In the spring on college campuses these days, a young man's fancy lightly turns to thoughts of . . . protest. And so, in early March, from the University of California at Berkeley—the mother church of student protest—came this headline: MELEE ERUPTS AT AFFIRMATIVE ACTION RALLY. At least one student was seriously injured.
The University dropped its affirmative action policy back in 1995, and California voters upheld the ban in a referendum later that year. Ever since, leftish malcontents have taken every opportunity to condemn the iniquity of holding all applicants for admission to the same standards. What they want instead is something G. K. Chesterton skewered as "the false idea of progress": the notion that, rather than trying to pass the test, you change the test.
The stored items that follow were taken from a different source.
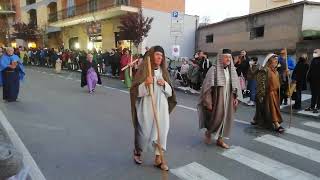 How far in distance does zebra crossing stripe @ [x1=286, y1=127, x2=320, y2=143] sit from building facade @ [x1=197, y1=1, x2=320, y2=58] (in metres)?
8.39

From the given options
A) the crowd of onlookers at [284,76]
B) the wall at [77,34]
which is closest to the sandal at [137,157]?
the crowd of onlookers at [284,76]

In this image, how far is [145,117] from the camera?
5.56m

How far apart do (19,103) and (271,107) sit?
25.4ft

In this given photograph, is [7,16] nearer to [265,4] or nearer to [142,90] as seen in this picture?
[265,4]

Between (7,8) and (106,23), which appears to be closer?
(106,23)

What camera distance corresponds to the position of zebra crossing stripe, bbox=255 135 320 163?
21.0 feet

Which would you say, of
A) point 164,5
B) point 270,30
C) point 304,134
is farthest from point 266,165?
point 164,5

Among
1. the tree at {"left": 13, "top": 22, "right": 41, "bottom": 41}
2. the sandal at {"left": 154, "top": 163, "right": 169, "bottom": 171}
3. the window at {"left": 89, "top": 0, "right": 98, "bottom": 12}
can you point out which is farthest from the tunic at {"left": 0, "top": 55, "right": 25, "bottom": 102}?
the tree at {"left": 13, "top": 22, "right": 41, "bottom": 41}

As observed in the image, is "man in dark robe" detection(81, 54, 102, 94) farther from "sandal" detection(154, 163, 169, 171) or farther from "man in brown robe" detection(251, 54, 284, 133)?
"sandal" detection(154, 163, 169, 171)

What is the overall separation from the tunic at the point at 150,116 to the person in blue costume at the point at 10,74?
300 inches

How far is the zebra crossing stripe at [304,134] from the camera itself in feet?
25.0

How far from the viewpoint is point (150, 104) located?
559 centimetres

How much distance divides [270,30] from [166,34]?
1083cm

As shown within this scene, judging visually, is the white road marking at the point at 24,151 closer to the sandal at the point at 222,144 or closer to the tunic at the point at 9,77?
the tunic at the point at 9,77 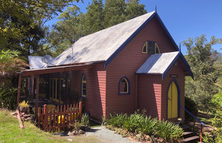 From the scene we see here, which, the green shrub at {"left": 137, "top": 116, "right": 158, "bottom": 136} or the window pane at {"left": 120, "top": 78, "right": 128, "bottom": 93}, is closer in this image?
the green shrub at {"left": 137, "top": 116, "right": 158, "bottom": 136}

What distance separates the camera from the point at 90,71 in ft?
42.6

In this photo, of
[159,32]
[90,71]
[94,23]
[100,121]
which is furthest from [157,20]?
[94,23]

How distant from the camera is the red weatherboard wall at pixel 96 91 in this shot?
11.5 metres

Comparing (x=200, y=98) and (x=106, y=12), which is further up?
(x=106, y=12)

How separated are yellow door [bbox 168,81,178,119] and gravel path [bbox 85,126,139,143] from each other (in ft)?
13.5

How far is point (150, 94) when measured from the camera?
11.5 meters

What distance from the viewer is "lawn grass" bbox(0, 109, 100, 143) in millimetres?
6977

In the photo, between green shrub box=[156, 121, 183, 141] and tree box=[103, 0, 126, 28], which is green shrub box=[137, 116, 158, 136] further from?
tree box=[103, 0, 126, 28]

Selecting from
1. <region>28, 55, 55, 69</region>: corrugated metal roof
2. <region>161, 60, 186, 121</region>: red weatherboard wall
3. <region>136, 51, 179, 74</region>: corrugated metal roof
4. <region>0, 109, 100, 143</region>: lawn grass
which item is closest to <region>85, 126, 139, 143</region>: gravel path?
<region>0, 109, 100, 143</region>: lawn grass

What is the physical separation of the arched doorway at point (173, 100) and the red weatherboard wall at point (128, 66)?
245 cm

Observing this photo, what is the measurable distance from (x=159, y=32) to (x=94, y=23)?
25033 millimetres

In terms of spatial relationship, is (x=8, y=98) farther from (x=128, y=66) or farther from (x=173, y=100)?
(x=173, y=100)

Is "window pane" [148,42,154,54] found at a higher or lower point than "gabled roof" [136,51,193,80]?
higher

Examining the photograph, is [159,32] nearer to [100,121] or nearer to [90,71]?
[90,71] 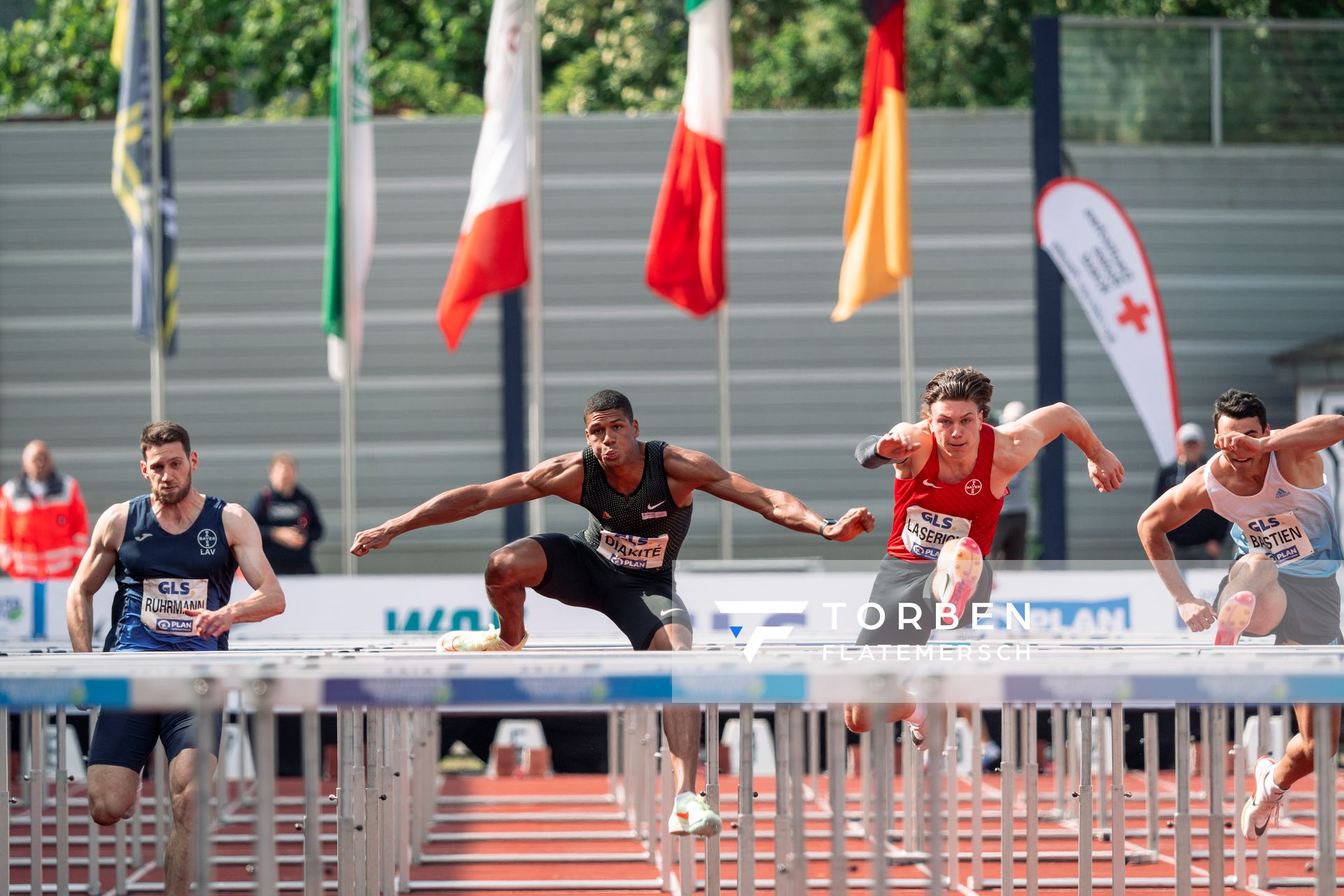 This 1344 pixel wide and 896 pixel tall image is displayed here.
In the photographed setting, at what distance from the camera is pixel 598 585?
21.0 ft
At Berkeley, some 2,000 high-school students were bussed in for the fun, many with their teachers' blessing. It was supposed to be part of their civics education—though I doubt that Bay Area high schools will be bussing their students to the next right-to-life or anti-bilingual-ed rally. The only real civics lesson is a liberal civics lesson.
The high schoolers joined the usual assortment of faculty and students at the protest. According to one protester—a member of the student government's Defend Affirmative Action Party—"The rally will be a declaration of the new civil rights movement. We intend to fight for equality and integration throughout society, including for women of all races."
As it turned out "race" was the mot juste, for, after listening to a few speeches, a group of about 100 high-school students sprinted into an Athlete's Foot shoe store and started looting running shoes. As the journalist Andrew Sullivan observed, "It seems the students want affirmative action, women's rights, aid for East Timor, and a pair of those really cool new sneakers." Sullivan recalled a popular parody of the 1992 Los Angeles riots: L.A. RIOTERS DEMAND JUSTICE, TAPE DECKS, ran the headline.
Yesterday's parody becomes today's reality. The students-for-sneakers skirmish began on Berkeley's Sproul Plaza—the exact spot that saw the birth of the Free Speech Movement and its riots back in 1964, at the start of a generation of irresponsible student activism. Marx once cannily observed that history repeats itself twice, first as tragedy, then as farce. He didn't foresee, though, that the farce would become a permanent fixture in our cultural life.